> [Goal of the exercise]
So that the copy stays text only, transcribe the data below exactly and exclude the images.

> [Collected material]
_ _ _ _ _ _ _

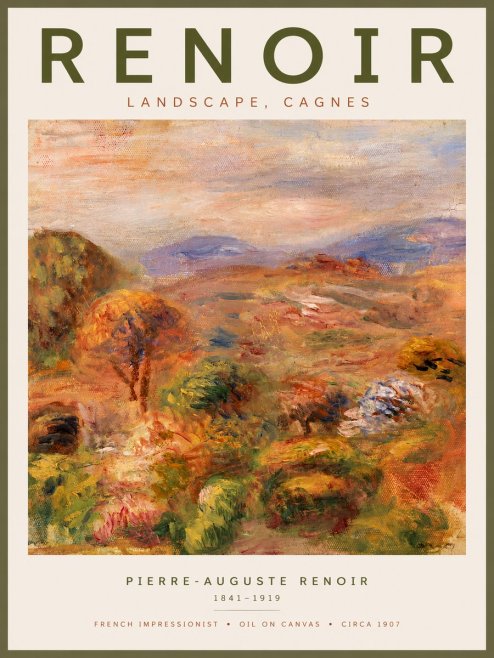 Renoir Landscape, Cagnes No6 - Poster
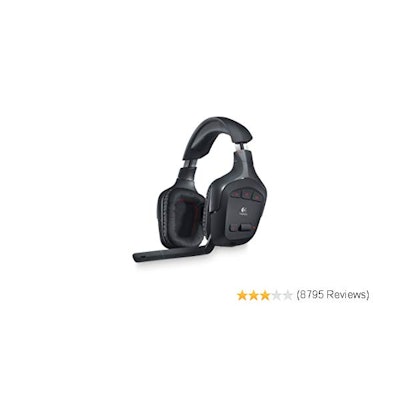 Amazon.com: Logitech Wireless Gaming Headset G930 with 7.1 Surround Sound, Wirel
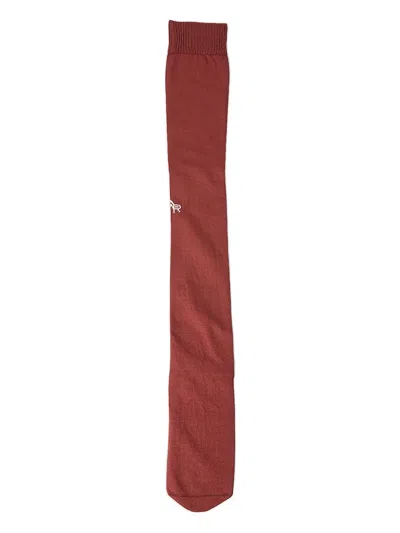Meryll Rogge Intarsia Ribbed Socks In Brown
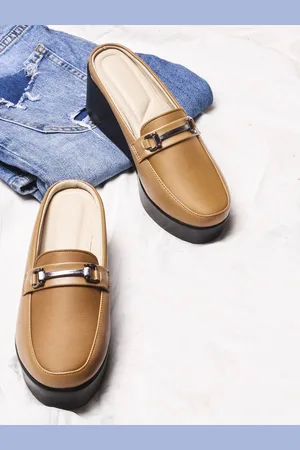TRY ME Women Round Toe Wedge Mules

_ _ _ _ _ _ _

> [Result]
 Renoir Landscape, Cagnes No6 - Poster
 Amazon.com: Logitech Wireless Gaming Headset G930 with 7.1 Surround Sound, Wirel
Meryll Rogge Intarsia Ribbed Socks In Brown
TRY ME Women Round Toe Wedge Mules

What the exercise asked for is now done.